いつも健康で元気ならもっと飼いたいけど・・・。
でもこういろいろと・・・変なものを飲み込む子がいたり、
覚えられないような難病になる子がいたりすると・・・。
3匹で手一杯だ!ぜったいもう飼わない!!・・・そう決めていた。
春、夏、冬・・・と名前が揃って、秋はいない。
「秋子ちゃんとか、まだもう1匹飼えるんじゃない??」
なんて無責任なことをいう人がいる。
「残念でした!・・・うちの夫の名前はひであきっていうんだよ!」
近所に「Kくん」という青年がいる。
家族ぐるみで親しくしてもらっている。
数年前家族で引っ越してきたときは、まだ中学生だったKくんも、
成長してIT関係の仕事に就いた。
PC塾をはじめた私にとって、とても心強い味方。
彼は迷惑なのかもしれないが、相談に乗ってくれたり、
修理にきたりしてくれる。
9月のある日、Kくんが友人宅のそばの自販機で缶コーヒーを買っていた。
そのとき、自販機の下からチョロチョロ・・・と仔猫が出てきて
ヨロヨロ・・・と向かった先は、車の往来の激しい道路!!
「あぶない!!」とっさにKくんは、その猫を拾い上げた。
「こっちは来ちゃだめだよ」と反対方向に向かせるが、
どうしても車の通る道へ行きたがる・・・。
「困ったなぁ・・・」
心優しいKくんはこの猫を自宅へ連れて帰ってきた。
「我が家ではきっと飼っても死んじゃうと思うんです・・・」と
Kくんは、その猫をうちへ連れてきた。
Kくん宅は大型トラックがバンバン通る県道沿いに建っていて、
今までにも不幸な事故があったらしい・・・。
それに家族全員が働いていて、
とてもこんな小さな猫は面倒見切れないということだった。
そう言われても・・・うちだってもう手一杯だってば・・・。
「拾ってきたんだから、外に出さないようにして、
何とか工夫して飼いなさいよ」と言ってお断りした。
その夜、抹茶アイスが食べたくなって、
セブンイレブンへ行こうと夫と家を出た。
セブンイレブンは、県道沿いのKくん宅の反対側だ。
買い物を済ませ、駐車場で車の走るのを眺めていた。
ものすごいスピードを出して何十トンものトラックが走っていく。
走るトラックとトラックの間からKくん宅が見えた。
夫「Kくんとこの猫どうしたかな」
私「・・・・・」
夫「ちょっと見に行ってみるか?」
私「だめだめ、行かないよ」
夫「そうだよな。

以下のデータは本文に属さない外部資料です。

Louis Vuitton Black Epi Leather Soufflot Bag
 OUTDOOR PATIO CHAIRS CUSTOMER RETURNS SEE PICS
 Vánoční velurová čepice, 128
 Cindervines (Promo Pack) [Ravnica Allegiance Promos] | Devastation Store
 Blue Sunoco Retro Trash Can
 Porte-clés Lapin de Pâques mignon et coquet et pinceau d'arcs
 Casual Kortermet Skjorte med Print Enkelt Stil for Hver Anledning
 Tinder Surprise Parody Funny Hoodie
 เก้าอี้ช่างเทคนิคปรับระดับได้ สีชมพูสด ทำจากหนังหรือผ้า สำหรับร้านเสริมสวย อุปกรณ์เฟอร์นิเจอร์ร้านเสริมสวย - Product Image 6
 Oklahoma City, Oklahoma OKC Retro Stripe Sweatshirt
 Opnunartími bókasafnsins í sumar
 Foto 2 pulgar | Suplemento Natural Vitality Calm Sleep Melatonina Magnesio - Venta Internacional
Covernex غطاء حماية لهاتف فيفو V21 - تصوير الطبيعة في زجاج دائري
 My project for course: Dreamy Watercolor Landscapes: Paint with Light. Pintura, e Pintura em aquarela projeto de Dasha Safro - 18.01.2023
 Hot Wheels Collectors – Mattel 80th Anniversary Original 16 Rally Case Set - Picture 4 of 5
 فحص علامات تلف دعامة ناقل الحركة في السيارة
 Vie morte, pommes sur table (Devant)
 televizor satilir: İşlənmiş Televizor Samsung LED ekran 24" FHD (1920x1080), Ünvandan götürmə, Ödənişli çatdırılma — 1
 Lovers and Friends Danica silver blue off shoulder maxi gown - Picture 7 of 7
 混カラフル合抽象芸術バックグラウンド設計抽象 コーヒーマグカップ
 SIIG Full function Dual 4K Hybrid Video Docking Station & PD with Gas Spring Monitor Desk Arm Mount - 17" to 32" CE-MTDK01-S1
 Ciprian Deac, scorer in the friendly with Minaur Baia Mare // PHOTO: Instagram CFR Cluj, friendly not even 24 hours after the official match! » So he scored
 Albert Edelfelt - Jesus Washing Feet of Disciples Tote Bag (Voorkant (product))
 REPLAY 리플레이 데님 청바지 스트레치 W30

行ったら最後だよな」
私「うん、そうだよ。行かないよ・・・」
結局私たちはKくん宅の玄関前に立っていた。
私がKくんのお母さんと話しをしている間に、
Kくんは夫の前へ行って頭を下げていた。
「よろしくお願いします。こいつ車にひかれそうだったんです・・・。」云々・・・
夫の「うん、うん、わかったよ」という声が聞こえた。
あ〜〜、結局そうなるわけね。
夫は青年がきちんと頭を下げたりするのに弱い・・・。

その猫は抹茶アイスと一緒に我が家にやってきた・・・。